Au cœur de la dixième plaie, entre l’annonce de la mort des premiers-nés et sa mise en œuvre, apparaissent les premières mitsvot de la Torah, les premières exigences divines à l’encontre d’Israël comme peuple (Exode 12,1-20). Elles précèdent donc de peu – ou accompagnent – la naissance d’Israël comme peuple, c’est-à-dire la sortie d’Egypte dont la dixième plaie constitue le point de départ. Comme si les mitsvot étaient le lieu même où le peuple d’Israël sort d’Egypte et parvient par là à se structurer comme peuple dans son indépendance.Cela signifie d’abord que la sortie d’Egypte n’apparaît pas seulement dans la Torah comme un événement du passé qu’il conviendrait de pieusement commémorer : elle est constitutive du peuple et de son projet dans son actualité la plus urgente.
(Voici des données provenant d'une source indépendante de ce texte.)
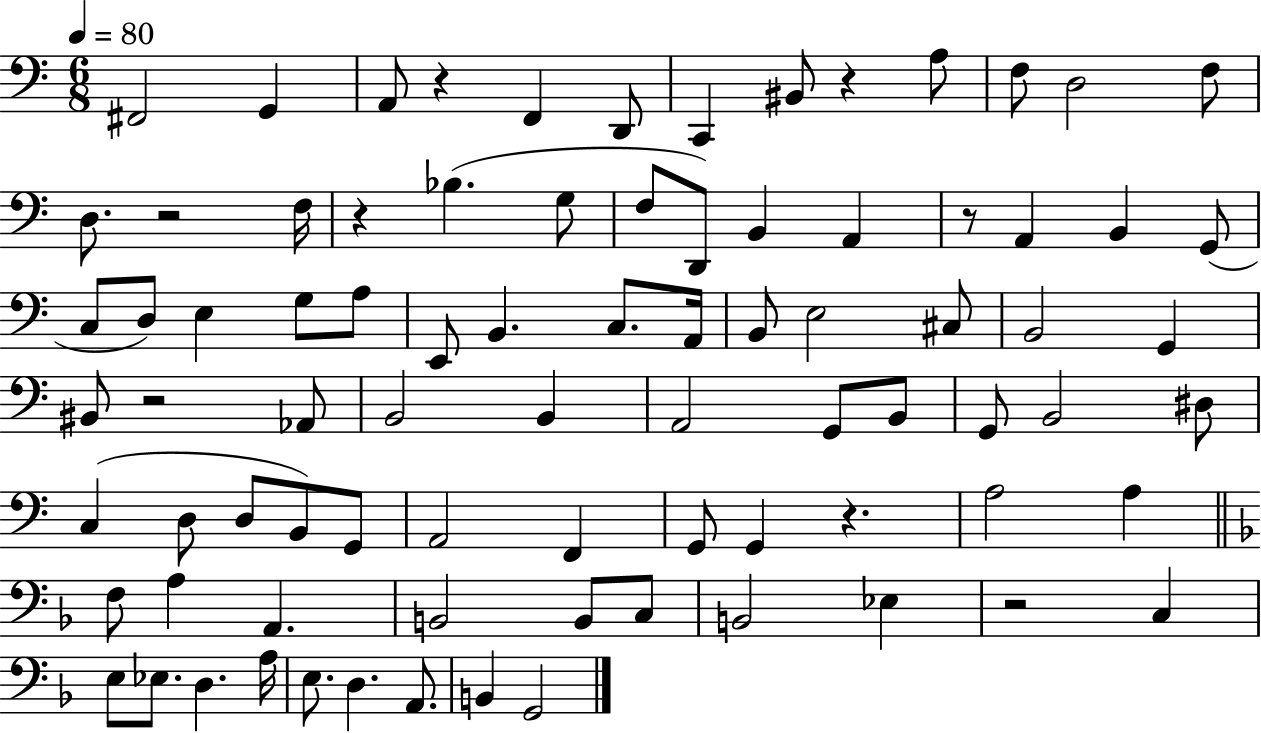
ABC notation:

X:1
T:Untitled
M:6/8
L:1/4
K:C
^F,,2 G,, A,,/2 z F,, D,,/2 C,, ^B,,/2 z A,/2 F,/2 D,2 F,/2 D,/2 z2 F,/4 z _B, G,/2 F,/2 D,,/2 B,, A,, z/2 A,, B,, G,,/2 C,/2 D,/2 E, G,/2 A,/2 E,,/2 B,, C,/2 A,,/4 B,,/2 E,2 ^C,/2 B,,2 G,, ^B,,/2 z2 _A,,/2 B,,2 B,, A,,2 G,,/2 B,,/2 G,,/2 B,,2 ^D,/2 C, D,/2 D,/2 B,,/2 G,,/2 A,,2 F,, G,,/2 G,, z A,2 A, F,/2 A, A,, B,,2 B,,/2 C,/2 B,,2 _E, z2 C, E,/2 _E,/2 D, A,/4 E,/2 D, A,,/2 B,, G,,2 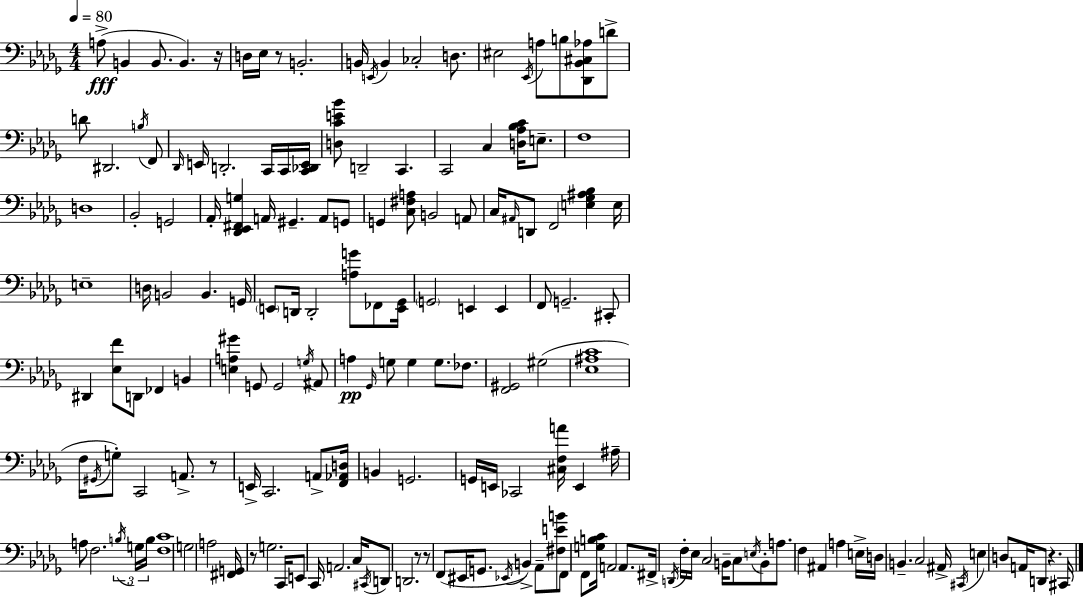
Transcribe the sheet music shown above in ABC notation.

X:1
T:Untitled
M:4/4
L:1/4
K:Bbm
A,/2 B,, B,,/2 B,, z/4 D,/4 _E,/4 z/2 B,,2 B,,/4 E,,/4 B,, _C,2 D,/2 ^E,2 _E,,/4 A,/2 B,/2 [_D,,_B,,^C,_A,]/2 D/2 D/2 ^D,,2 B,/4 F,,/2 _D,,/4 E,,/4 D,,2 C,,/4 C,,/4 [C,,_D,,E,,]/4 [D,CE_B]/2 D,,2 C,, C,,2 C, [D,_A,_B,C]/4 E,/2 F,4 D,4 _B,,2 G,,2 _A,,/4 [_D,,_E,,^F,,G,] A,,/4 ^G,, A,,/2 G,,/2 G,, [C,^F,A,]/2 B,,2 A,,/2 C,/4 ^A,,/4 D,,/2 F,,2 [E,_G,^A,_B,] E,/4 E,4 D,/4 B,,2 B,, G,,/4 E,,/2 D,,/4 D,,2 [A,G]/2 _F,,/2 [E,,_G,,]/4 G,,2 E,, E,, F,,/2 G,,2 ^C,,/2 ^D,, [_E,F]/2 D,,/2 _F,, B,, [E,A,^G] G,,/2 G,,2 G,/4 ^A,,/2 A, _G,,/4 G,/2 G, G,/2 _F,/2 [F,,^G,,]2 ^G,2 [_E,^A,C]4 F,/4 ^G,,/4 G,/2 C,,2 A,,/2 z/2 E,,/4 C,,2 A,,/2 [F,,_A,,D,]/4 B,, G,,2 G,,/4 E,,/4 _C,,2 [^C,F,A]/4 E,, ^A,/4 A,/2 F,2 B,/4 G,/4 B,/4 [F,C]4 G,2 A,2 [^F,,G,,]/4 z/2 G,2 C,,/4 E,,/2 C,,/4 A,,2 C,/4 ^C,,/4 D,,/2 D,,2 z/2 z/2 F,,/2 ^E,,/4 G,,/2 _E,,/4 B,, _A,,/2 [^F,EB]/2 F,,/2 F,,/2 [G,B,C]/4 A,,2 A,,/2 ^F,,/4 D,,/4 F,/4 _E,/4 C,2 B,,/4 C,/2 E,/4 B,,/2 A,/2 F, ^A,, A, E,/4 D,/4 B,, C,2 ^A,,/4 ^C,,/4 E, D,/2 A,,/4 D,,/2 z ^C,,/4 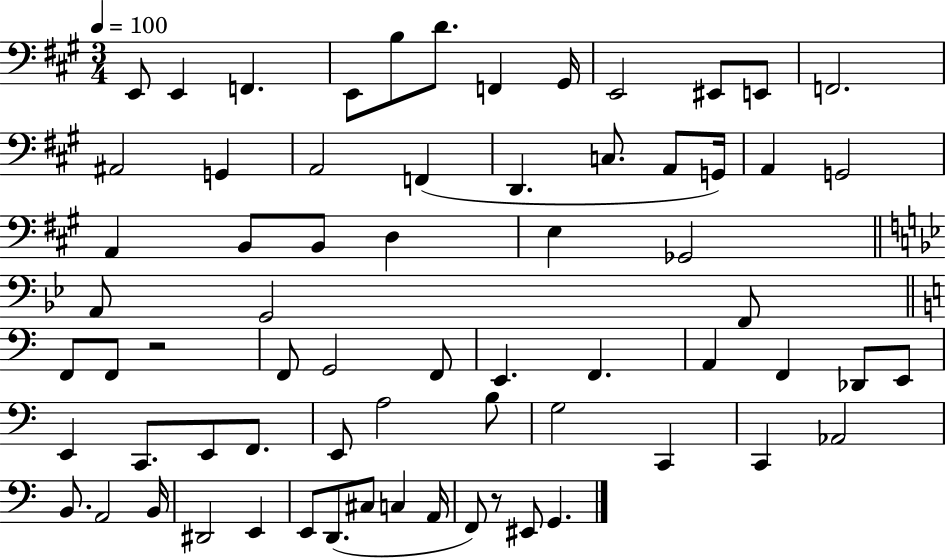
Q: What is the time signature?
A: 3/4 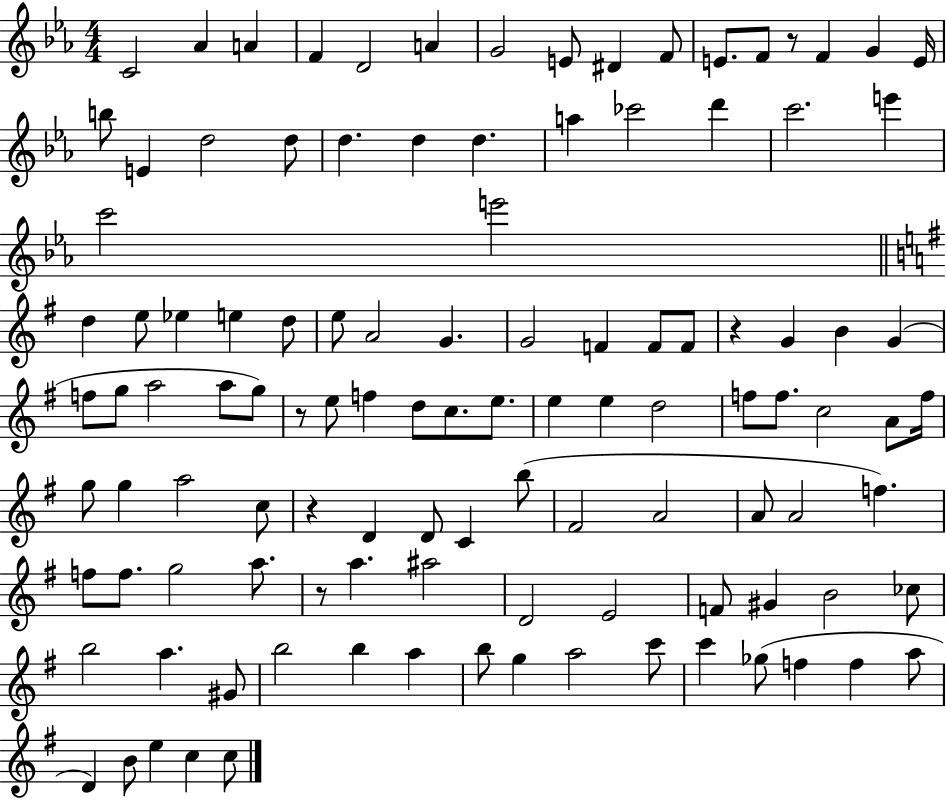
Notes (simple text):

C4/h Ab4/q A4/q F4/q D4/h A4/q G4/h E4/e D#4/q F4/e E4/e. F4/e R/e F4/q G4/q E4/s B5/e E4/q D5/h D5/e D5/q. D5/q D5/q. A5/q CES6/h D6/q C6/h. E6/q C6/h E6/h D5/q E5/e Eb5/q E5/q D5/e E5/e A4/h G4/q. G4/h F4/q F4/e F4/e R/q G4/q B4/q G4/q F5/e G5/e A5/h A5/e G5/e R/e E5/e F5/q D5/e C5/e. E5/e. E5/q E5/q D5/h F5/e F5/e. C5/h A4/e F5/s G5/e G5/q A5/h C5/e R/q D4/q D4/e C4/q B5/e F#4/h A4/h A4/e A4/h F5/q. F5/e F5/e. G5/h A5/e. R/e A5/q. A#5/h D4/h E4/h F4/e G#4/q B4/h CES5/e B5/h A5/q. G#4/e B5/h B5/q A5/q B5/e G5/q A5/h C6/e C6/q Gb5/e F5/q F5/q A5/e D4/q B4/e E5/q C5/q C5/e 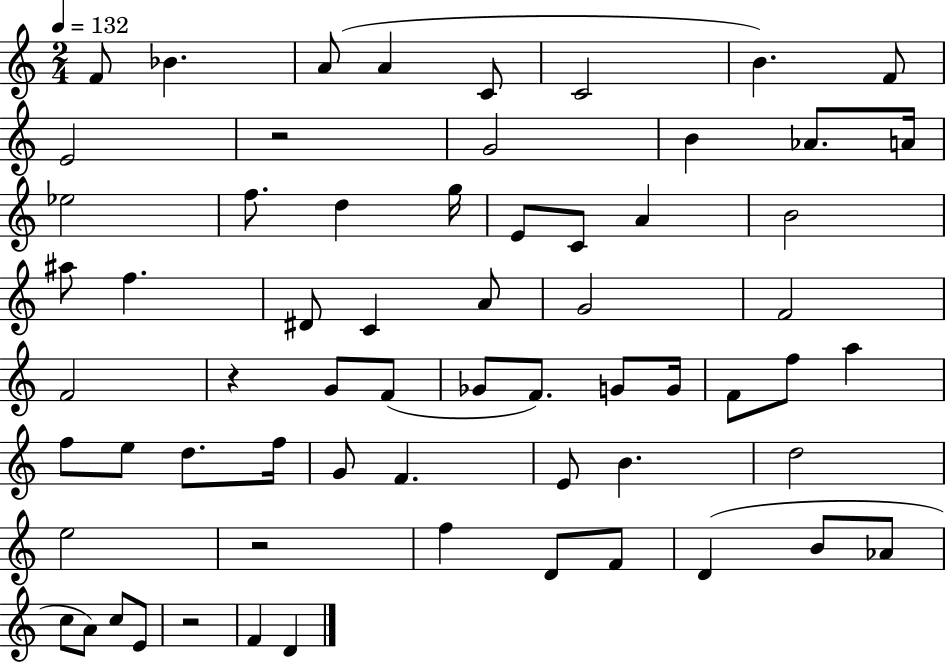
F4/e Bb4/q. A4/e A4/q C4/e C4/h B4/q. F4/e E4/h R/h G4/h B4/q Ab4/e. A4/s Eb5/h F5/e. D5/q G5/s E4/e C4/e A4/q B4/h A#5/e F5/q. D#4/e C4/q A4/e G4/h F4/h F4/h R/q G4/e F4/e Gb4/e F4/e. G4/e G4/s F4/e F5/e A5/q F5/e E5/e D5/e. F5/s G4/e F4/q. E4/e B4/q. D5/h E5/h R/h F5/q D4/e F4/e D4/q B4/e Ab4/e C5/e A4/e C5/e E4/e R/h F4/q D4/q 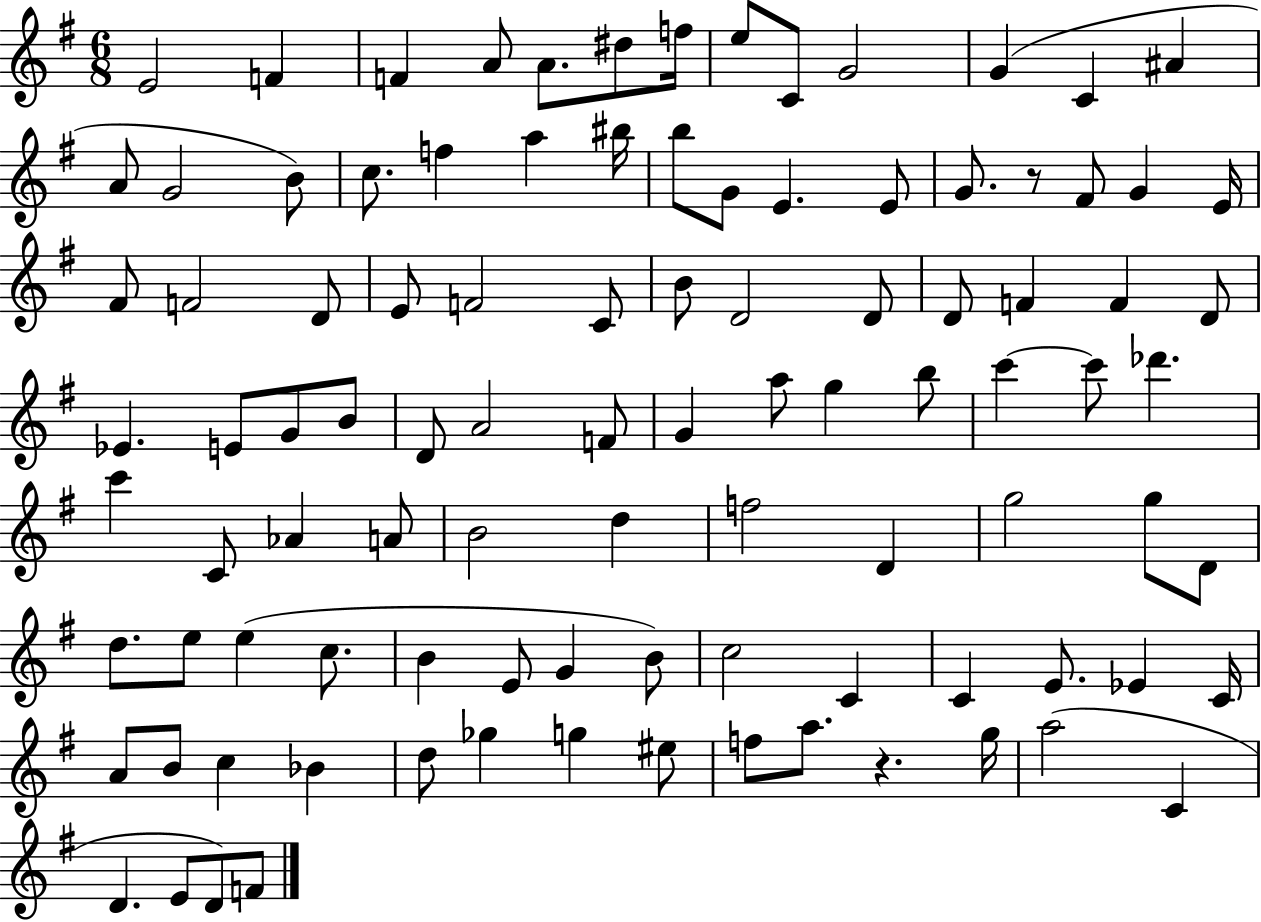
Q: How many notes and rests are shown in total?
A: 99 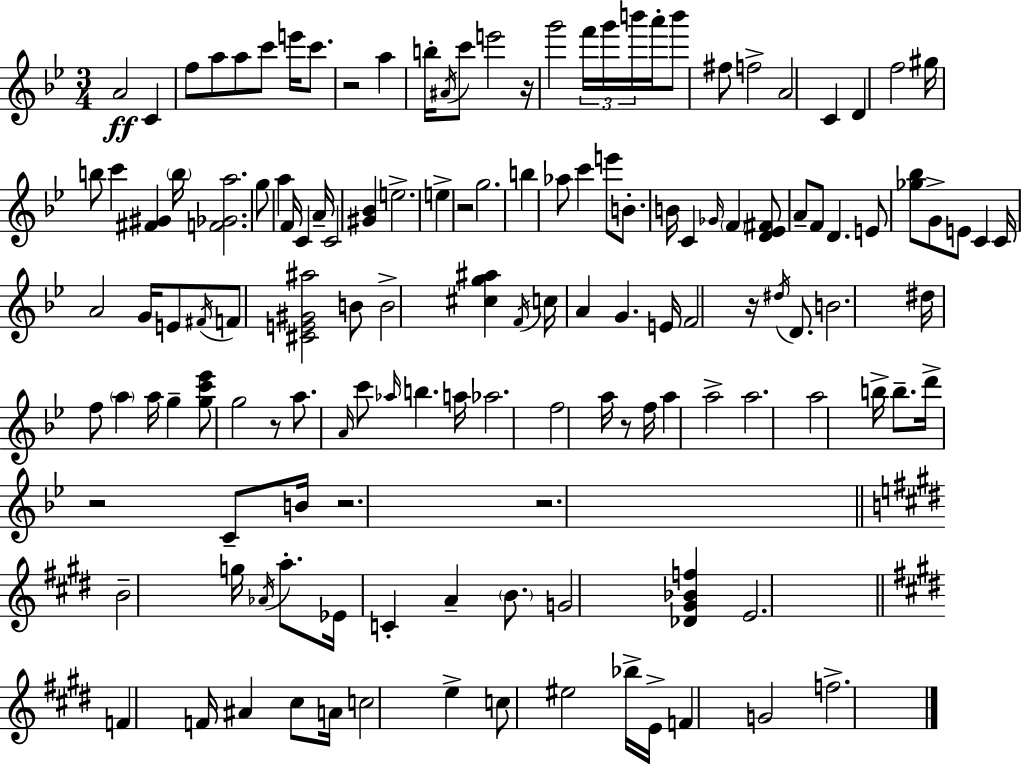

Israël ne peut se constituer comme peuple qu’en s’efforçant sans arrêt de sortir de tout système politico-religieux qui conduit à l’aliénation de l’homme par l’homme, et en essayant de construire un autre modèle de société, où la libération, et la justice qui la structure, deviennent le leitmotiv central de la vie en commun, le cœur vivant de la nation, l’élan qui porte son projet et son désir de vivre en tant que peuple.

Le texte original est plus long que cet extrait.